The 2014 Sprint NBA All-Star Celebrity Game was played on Friday, February 14, 2014, from the Sprint Arena at the New Orleans Ernest N. Morial Convention Center in New Orleans, Louisiana. The game featured 18 players including comedian/actor and two-time Celebrity Game MVP Kevin Hart, Victoria's Secret model Erin Heatherton, ESPN Mike & Mike co-hosts Mike Golic and Mike Greenberg, hip-hop artist Snoop Dogg, Actor Michael B. Jordan (The Wire), United States Secretary of Education Arne Duncan, and others. ESPN's NBA Countdown co-hosts Bill Simmons and Jalen Rose were the head coaches. Brandon Franklin was a fan who won the Sprint's Assistant Coach for a Day Sweepstakes and he served as assistant coach for the East team.

Arne Duncan led the way with a celebrity game record of 20 points, and added 11 rebounds, and six assists as the East team beat the West team 60–56. The West's Kevin Hart scored 7 points and 4 assists was once again voted MVP by the fans; however, due to his lackluster play he passed the award to Arne Duncan.

East
| Player | Background |
| Bruce Bowen (2) | Former NBA player |
| Nick Cannon (6) | TV personality/actor |
| Skylar Diggins | WNBA player |
| Arne Duncan (4) | U.S. Secretary of Education |
| Mike Greenberg | ESPN Radio's Mike & Mike co-host |
| Kristen Ledlow | NBA Inside Stuff co-host |
| Romeo Miller (2) | Entertainer/actor |
| Stan Verrett | ESPN's SportsCenter anchor |
| Wale | Rapper |
Head coach: Jalen Rose (Former NBA player and NBA analyst)
Assistant coach: David Jacoby (ESPN producer, Grantland writer and editor)
Assistant coach: Brandon Franklin (Winner of the Sprint's Assistant Coach for a Day Sweepstakes)

West
| Player | Background |
| Tamika Catchings | WNBA player |
| Elena Delle Donne | WNBA player |
| Snoop Dogg | Rapper/actor |
| Mike Golic | ESPN Radio's Mike & Mike co-host |
| Kevin Hart (4) | Comedian/actor |
| Erin Heatherton | Victoria's Secret model |
| Terrence Jenkins (3) | E! News co-anchor |
| Michael B. Jordan | Actor |
| Jesse Williams (2) | Actor |
Head coach: Bill Simmons (Sports columnist, NBA analyst and author)
Assistant coach: Zach Lowe (Grantland writer)

===2015===

The 2015 Sprint NBA All-Star Celebrity Game was played on Friday, February 13, 2015. It was held at Madison Square Garden in New York City, home of the New York Knicks. This was the first celebrity game played at an NBA arena in the event's history. The game was televised nationally by ESPN.

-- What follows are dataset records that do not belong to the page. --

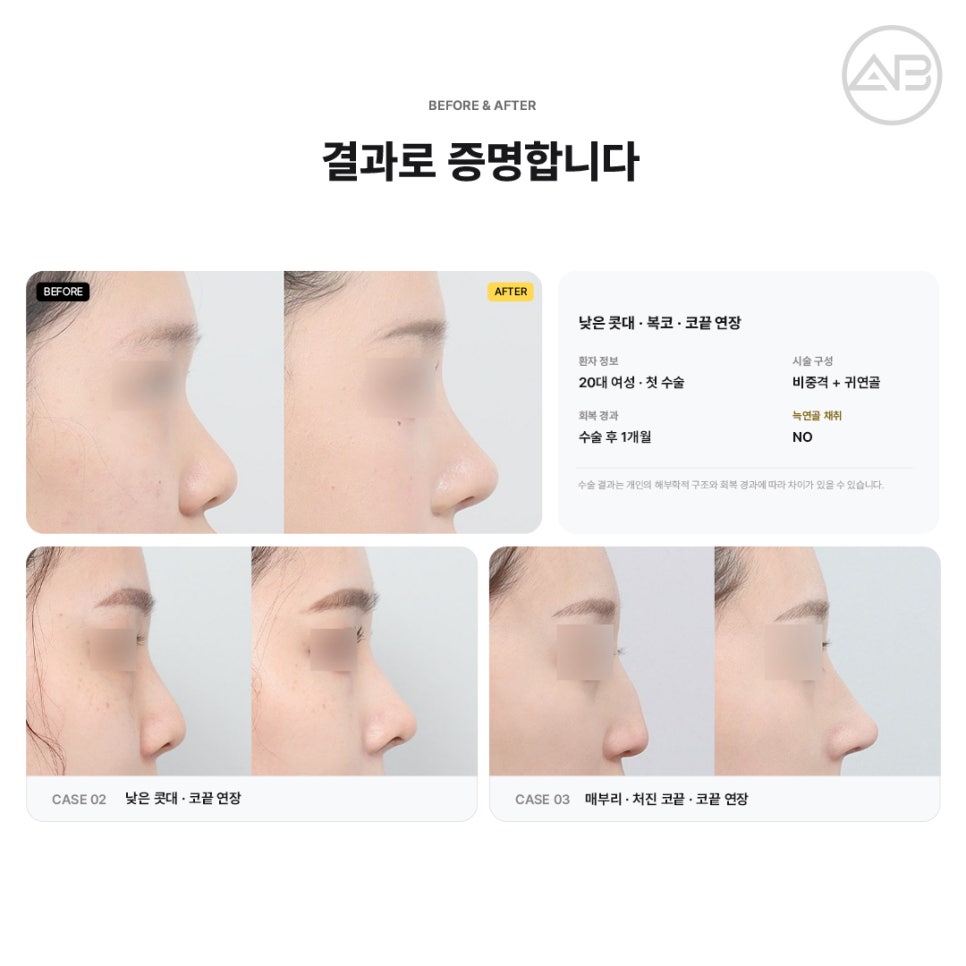 에이비성형외과 첫코 늑연골 채취 없이 비중격코성형으로 자연스럽게 관련 이미지 6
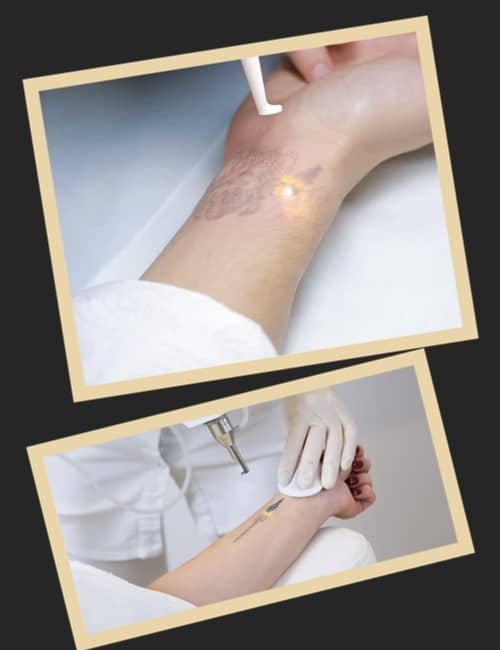 Особливості лазерного методу видалення тату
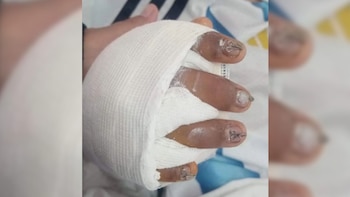 “Tiene el 95% de la mano destruida”: la mamá de un alumno accidentado en una escuela de Jujuy denunció abandono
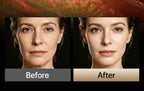 LED Facial and Body Skin Tightening and Sculpting Device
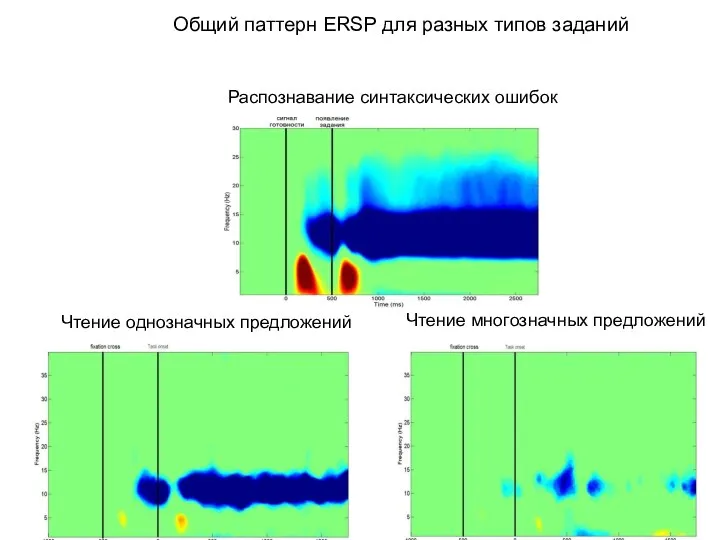 Чтение однозначных предложений Чтение многозначных предложений Распознавание синтаксических ошибок Общий паттерн ERSP для разных типов заданий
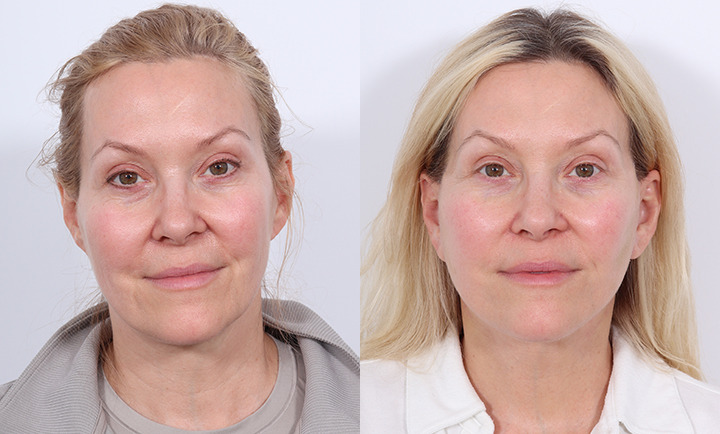 Facelift Before and After Photo by Dr. Cleveland in West Palm Beach Florida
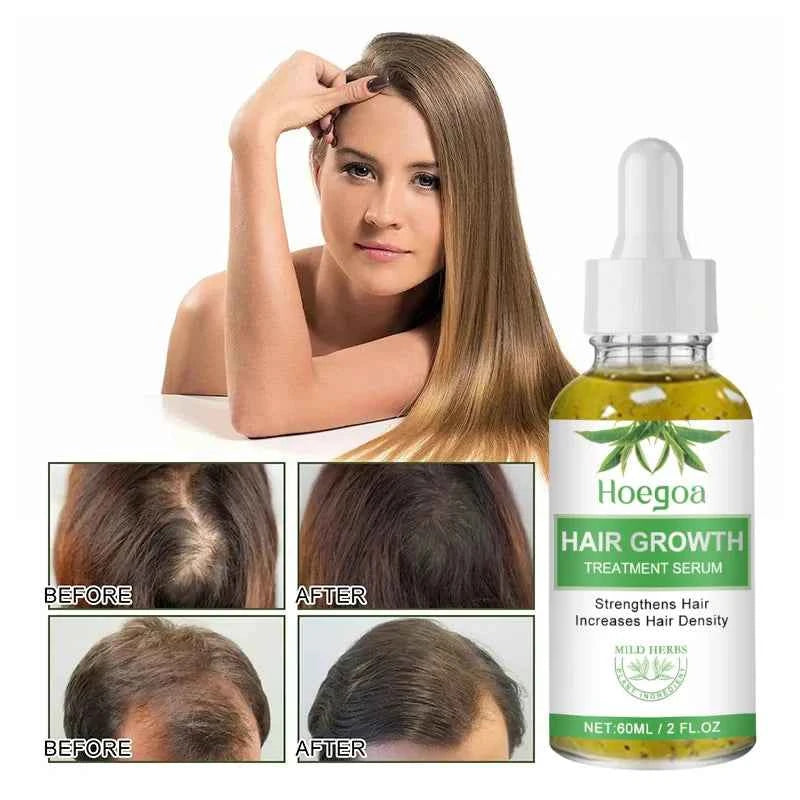 Fast Hair Growth Oil Africa Crazy Traction Alopecia Serum Anti Hair Break Thicken Hair Loss Treatment Spray For Man Women 60ML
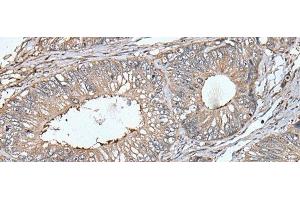 Immunohistochemistry of paraffin-embedded Human colorectal cancer tissue using UNC13B Polyclonal Antibody at dilution of 1:40(x200) (UNC13B antibody)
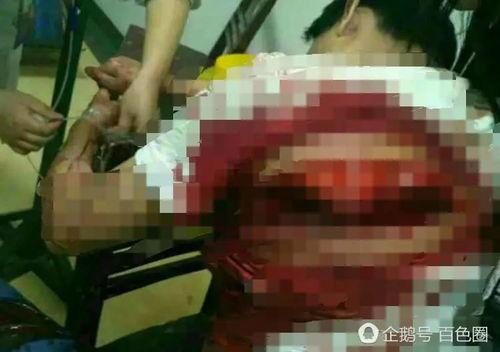 广西打架案件爆料最新,冲突升级,警方介入调查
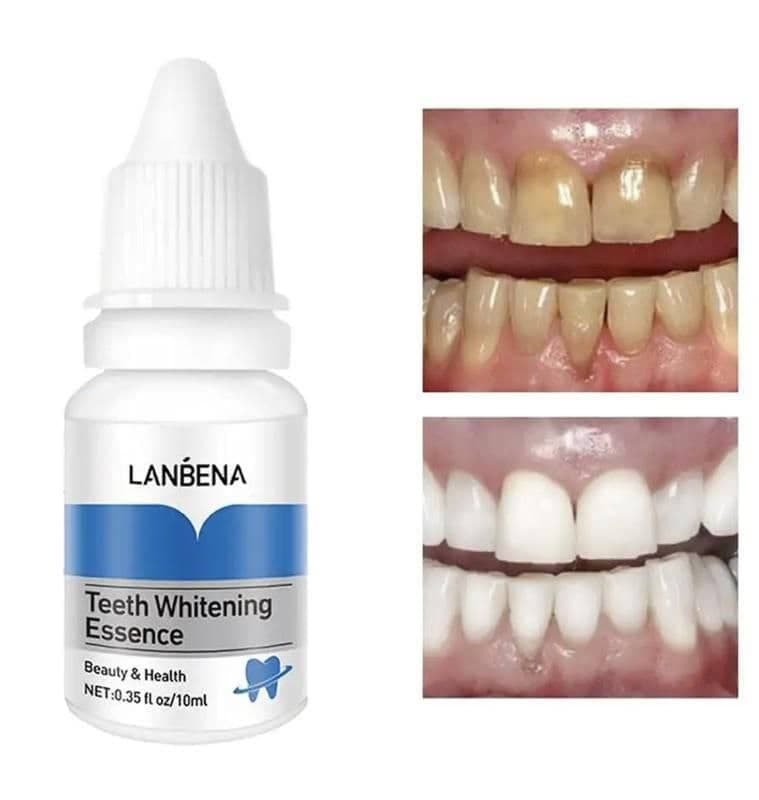 محلول سفید کننده دندان لانبنا حجم 10 میل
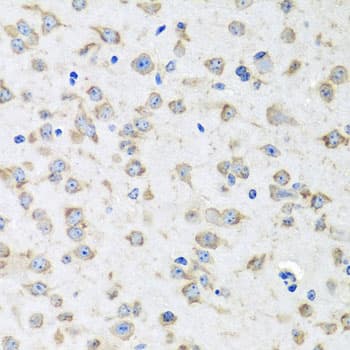 Polyclonal Rabbit anti-Human RPLP1 Antibody (IHC, IF, WB)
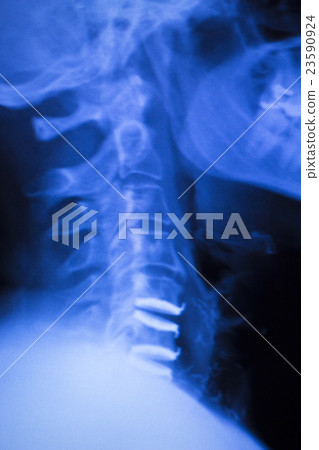 Neck and spine injury xray scan 23590924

This game featured 20 players including Arcade Fire frontman Win Butler, Bollywood actor Abhishek Bachchan, 2014 Little League World Series female pitcher Mo'ne Davis, WNBA player Skylar Diggins, Paralympic athlete Blake Leeper, NBA hall of famer Chris Mullin, and Memphis Grizzlies owner Robert Pera. This game also featured two All-Star Celebrity Game MVPs; 2010 winner Michael Rapaport and 2012, 2013, and 2014 winner Kevin Hart.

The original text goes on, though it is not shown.